ヨシの茎の切り口が巣口になっていて、その周囲を小さなマメコバチ♀♂が多数飛び回っていました。
ハチの動きがあまりにも素早くて、ただ見ているだけでは何が起きているのかよく分かりません。
240-fpsのハイスピード動画でも撮ってみました。(@0:31〜)
♀は腹部下面のスコパに黄色い花粉を付けて巣に搬入し、貯食します。
何百本も束ねてあるヨシ筒の中で一体どうやって♀は自分の巣を見分けているのでしょう?
♀も迷子になっているのか、実際に巣に入る帰巣シーンは撮れていませんでした。
あるいは羽化後に未だ自分の巣をどこにするか決めかねていて、物件を探している段階(営巣地探索)なのかもしれません。

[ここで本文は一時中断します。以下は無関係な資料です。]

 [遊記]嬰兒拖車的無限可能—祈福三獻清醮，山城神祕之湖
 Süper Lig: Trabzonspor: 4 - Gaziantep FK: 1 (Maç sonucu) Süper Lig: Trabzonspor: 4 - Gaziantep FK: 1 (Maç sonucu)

一方、♀が出巣するシーンは一度だけ撮れていました。(@0:47)
巣口から頭を先にして出て来ると、周囲のヨシ茎束にぶつかりながら飛び去りました。
次の採餌に出かけ、リンゴの花で花蜜や花粉を集めてくるのです。
この♀は巣を離れる際に定位飛行をしなかったので、自分の巣の位置をしっかり記憶済みということになります。
興味深いことに、探雌飛翔中の♂は巣箱に飛び交う♀に飛びついて交尾を挑むことは一度もありませんでした。
おそらく採餌に忙しい♀はすべて交尾済みなのでしょう。
雄性先熟のマメコバチの♂は、後から羽化してくる処女♀を巣口で待ち構えて交尾するチャンスに賭けているようです。
私は未だマメコバチ♀♂の交尾シーンを観察できていません。
一度だけ、リンゴの花の上で♀に交尾を挑み断られた♂を見たことがあります。
関連記事(別のリンゴ園で撮影)▶ マメコバチ♂の探雌飛翔と♀の交尾拒否
小松貴『絶滅危惧の地味な虫たち (ちくま新書)』を読むと、マメコバチの生態について解説してありました。
ツツハナバチ類はハキリバチ科に含まれる小型のハナバチ類で、春先に限って活動を行う。(中略)この仲間は、中空になった竹筒や植物の茎内に営巣するものが多い。巣にはいくつもの部屋を作り、その部屋ごとに花蜜を練ったものを溜め込んで一つずつ卵を産みつける。部屋の仕切り材には、その辺で切り取った植物の葉を噛んでペースト状に柔らかくしたものを使う。東北地方のリンゴ、サクランボ果樹園では、敷地内の一角にヨシの茎を多数束ねたものを置き、(中略)コツノツツハナバチ(マメコバチ)Osmia cornifronsを飼育している場所がある。ミツバチが活動しにくい春先でも活発に活動し、果樹の花を受粉してくれるためだ。(p177より引用)
マメコバチの暮らしを紹介してくれる本は貴重です。